» **Exercise objective**:
Return each line exactly, beginning with the one that has "Pure Form of" and finishing with the final line of the material. Drop any pictures.

» **The data**:
+ + + + + + +

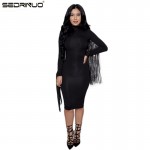 sexy club dress 2016 women autumn/winter party dresses long sleeve tassel bandage dress vestidos plus size women suede clothing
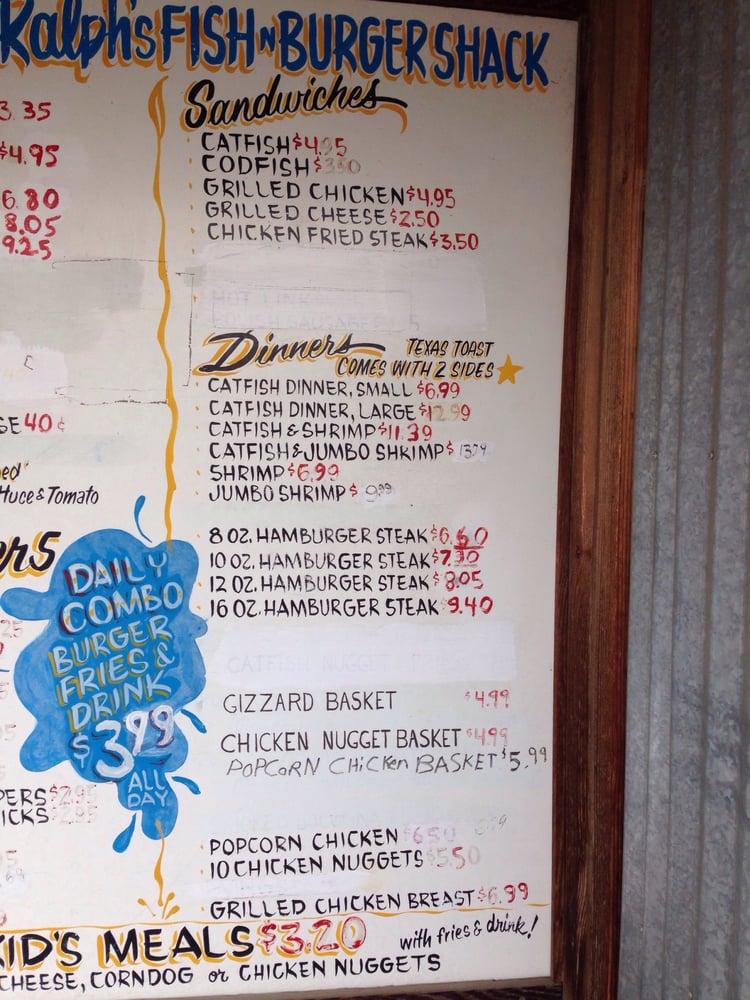 Menu at Ralph's Hot and Juicy Burgers restaurant, Tulsa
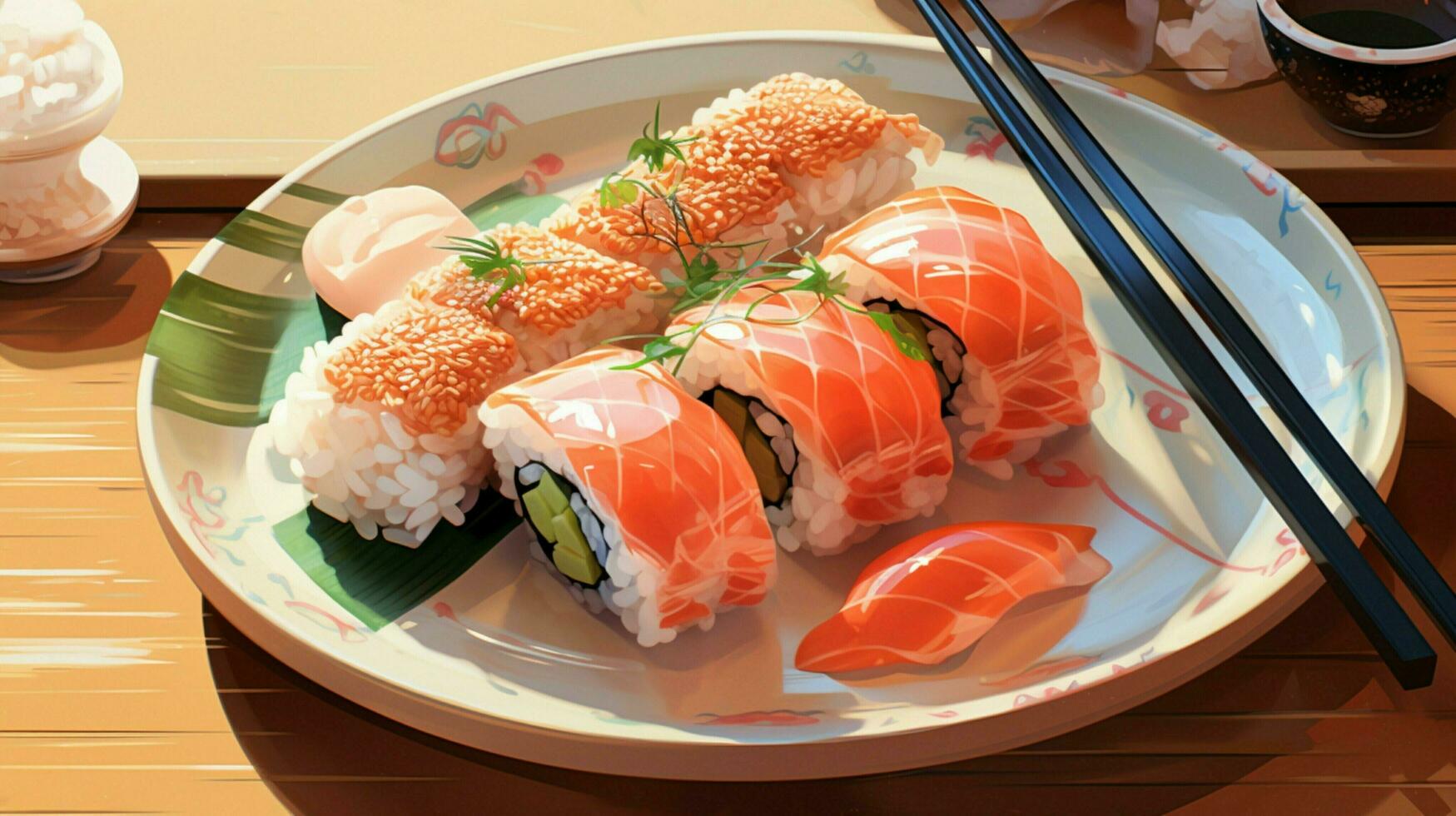 un pintura de Sushi y un plato con un imagen de un pescado foto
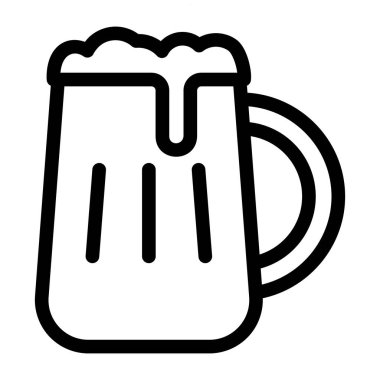Bira kupası ikonu. Web tasarımı için cam kavanoz vektör simgelerinin özet çizimi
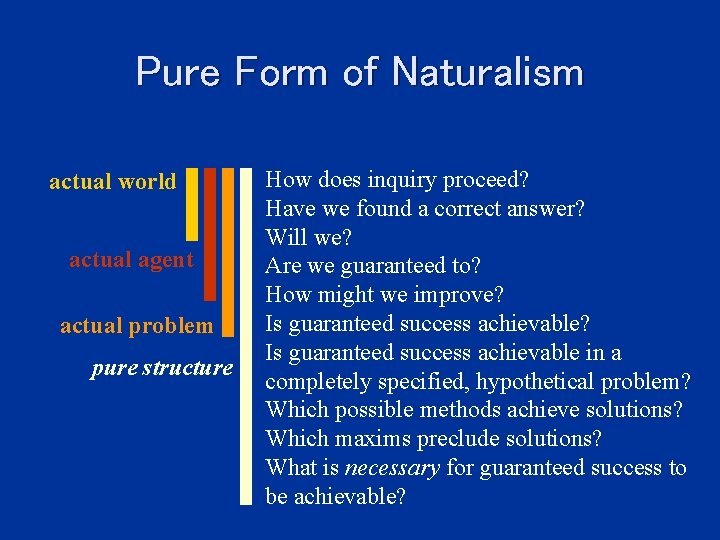 Pure Form of Naturalism actual world actual agent actual problem pure structure How does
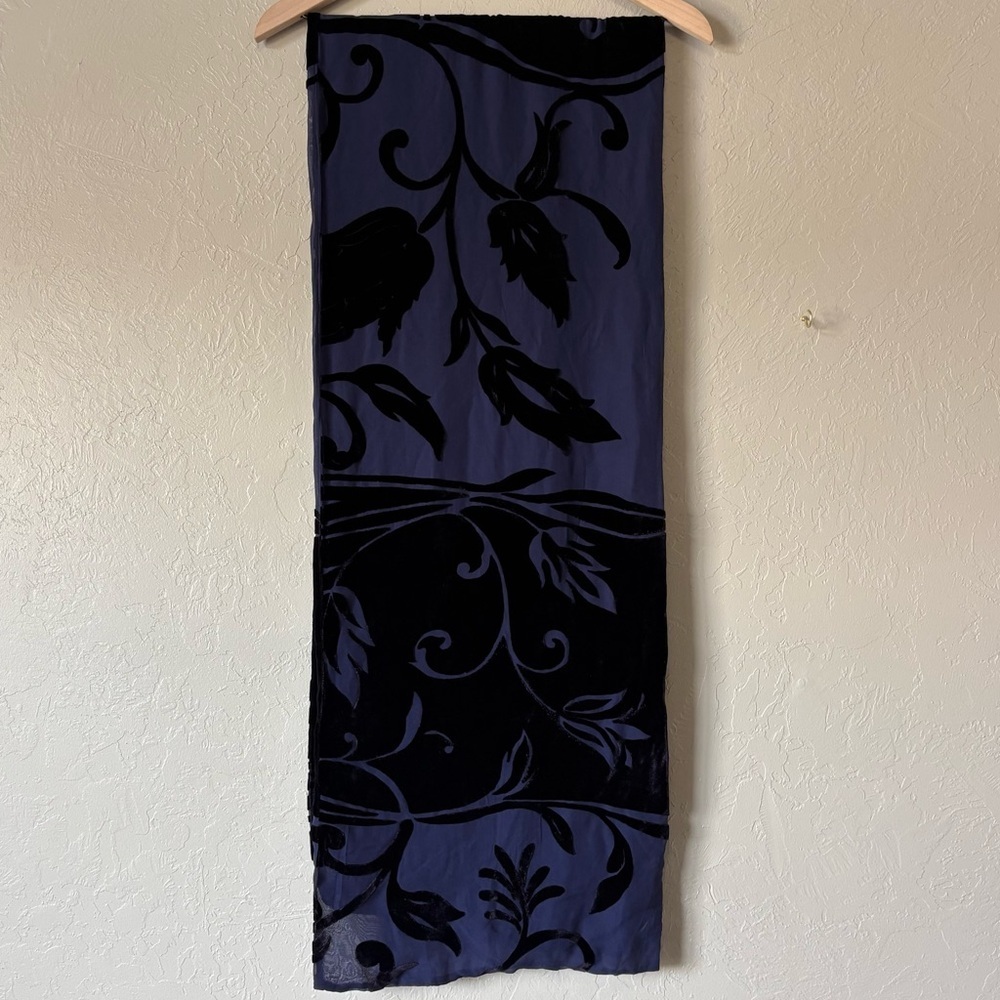 Silk Blend Burnout Velvet Scarf Navy Blue Floral 14x74 Elegant Lightweight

+ + + + + + +

» **Exercise result**:
 Pure Form of Naturalism actual world actual agent actual problem pure structure How does
 Silk Blend Burnout Velvet Scarf Navy Blue Floral 14x74 Elegant Lightweight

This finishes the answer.